Extracted data entries:
○ ○ ○
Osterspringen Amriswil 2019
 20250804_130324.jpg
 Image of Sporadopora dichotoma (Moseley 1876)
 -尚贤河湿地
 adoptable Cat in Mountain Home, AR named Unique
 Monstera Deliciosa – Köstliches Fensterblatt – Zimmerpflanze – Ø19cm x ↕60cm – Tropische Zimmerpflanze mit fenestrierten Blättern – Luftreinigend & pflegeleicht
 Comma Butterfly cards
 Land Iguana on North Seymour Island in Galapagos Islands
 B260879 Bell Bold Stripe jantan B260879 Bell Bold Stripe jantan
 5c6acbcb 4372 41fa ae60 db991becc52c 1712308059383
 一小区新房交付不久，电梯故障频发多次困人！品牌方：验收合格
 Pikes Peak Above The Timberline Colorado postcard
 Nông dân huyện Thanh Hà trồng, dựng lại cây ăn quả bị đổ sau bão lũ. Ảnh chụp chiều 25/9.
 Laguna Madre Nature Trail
○ ○ ○
[WORK TO BE COMPLETED]: Make a word-for-word copy of the records.

[RESULT OF THIS TASK]:
Osterspringen Amriswil 2019
 20250804_130324.jpg
 Image of Sporadopora dichotoma (Moseley 1876)
 -尚贤河湿地
 adoptable Cat in Mountain Home, AR named Unique
 Monstera Deliciosa – Köstliches Fensterblatt – Zimmerpflanze – Ø19cm x ↕60cm – Tropische Zimmerpflanze mit fenestrierten Blättern – Luftreinigend & pflegeleicht
 Comma Butterfly cards
 Land Iguana on North Seymour Island in Galapagos Islands
 B260879 Bell Bold Stripe jantan B260879 Bell Bold Stripe jantan
 5c6acbcb 4372 41fa ae60 db991becc52c 1712308059383
 一小区新房交付不久，电梯故障频发多次困人！品牌方：验收合格
 Pikes Peak Above The Timberline Colorado postcard
 Nông dân huyện Thanh Hà trồng, dựng lại cây ăn quả bị đổ sau bão lũ. Ảnh chụp chiều 25/9.
 Laguna Madre Nature Trail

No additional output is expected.